Task prompt:
Without the pictures, give the listing below again exactly.

Collected data:
------------------------------------
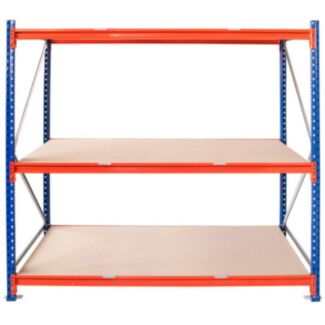 REGÁL LONGSPAN, Kovový regál přídavný modul 200x150x80cm, 1000kg na DTD polici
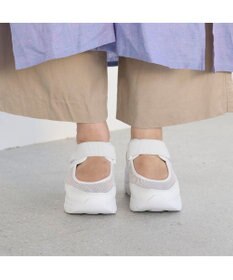 ing <ing>【WEB限定】厚底メッシュストラップスニーカー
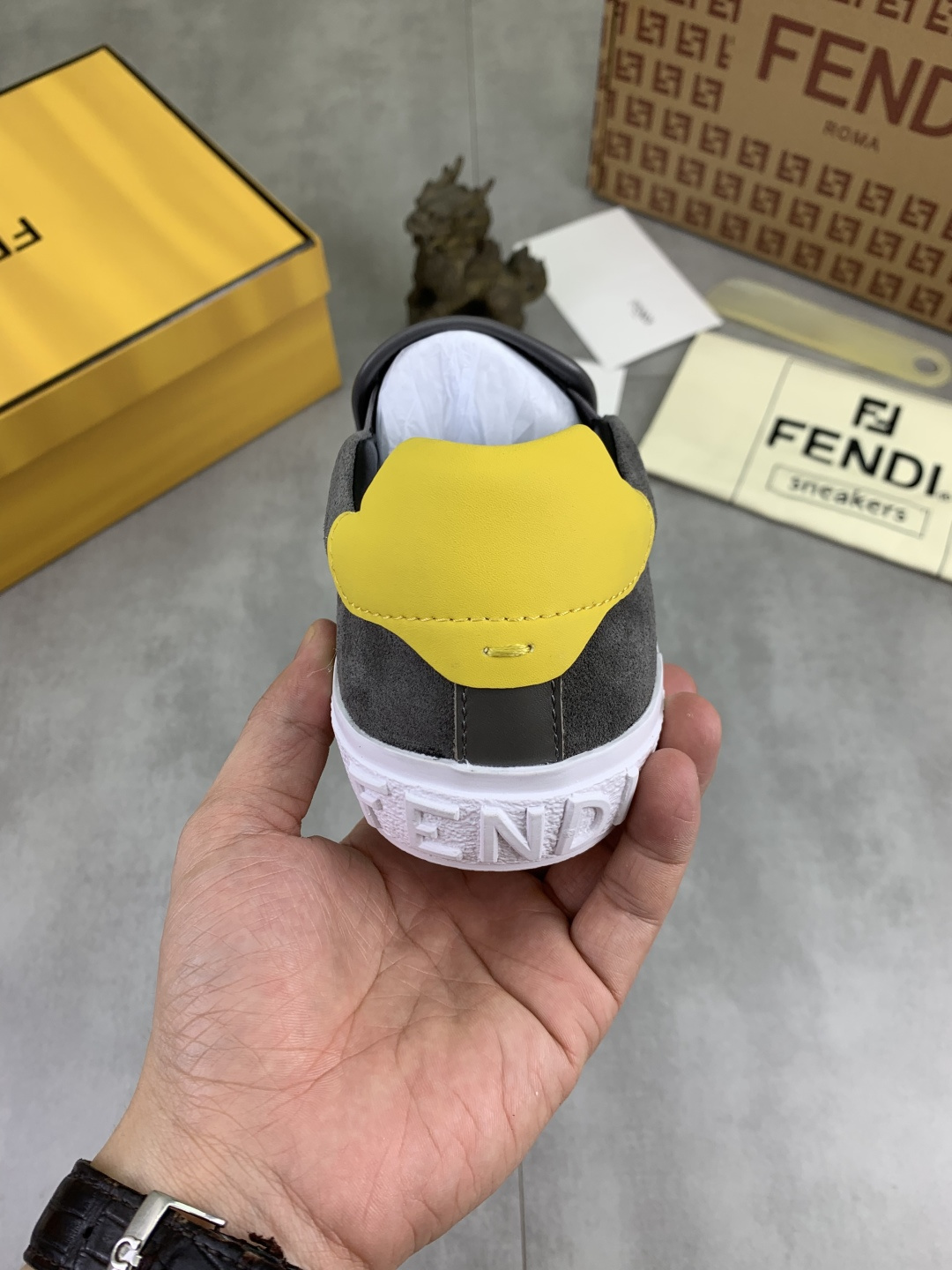 Cheap Fendi Sneakers For Men in 234348, $75 USD- [IB234348] - Replica Fendi Sneakers For Men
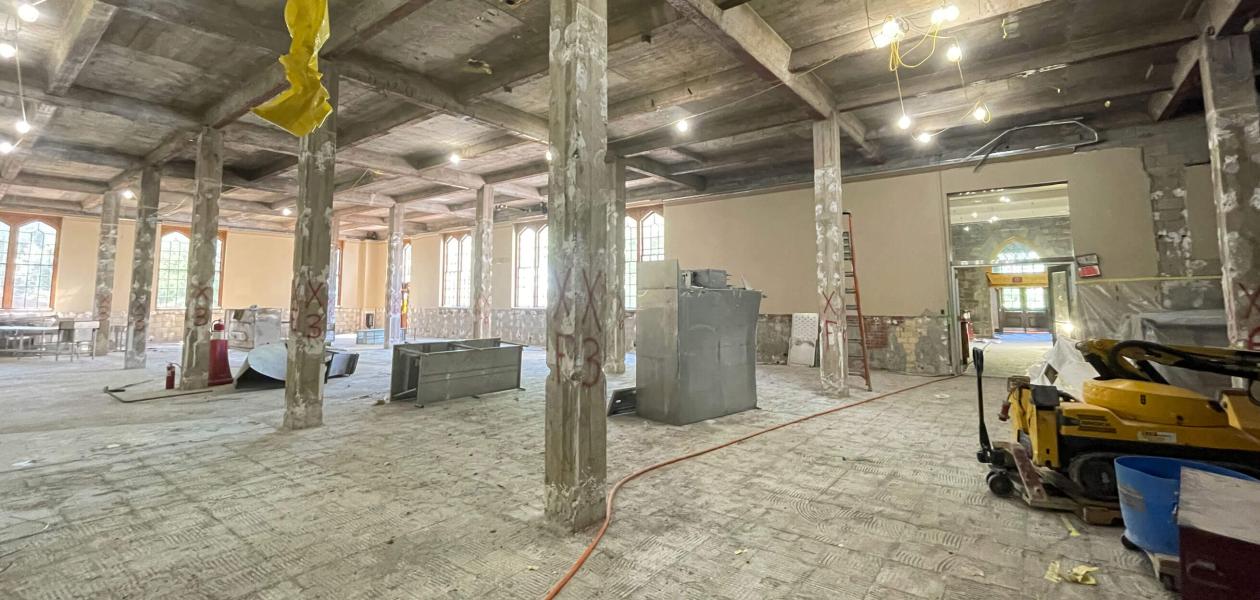 The Lower Eatery during construction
------------------------------------
Answer box:
 REGÁL LONGSPAN, Kovový regál přídavný modul 200x150x80cm, 1000kg na DTD polici
 ing <ing>【WEB限定】厚底メッシュストラップスニーカー
 Cheap Fendi Sneakers For Men in 234348, $75 USD- [IB234348] - Replica Fendi Sneakers For Men
 The Lower Eatery during construction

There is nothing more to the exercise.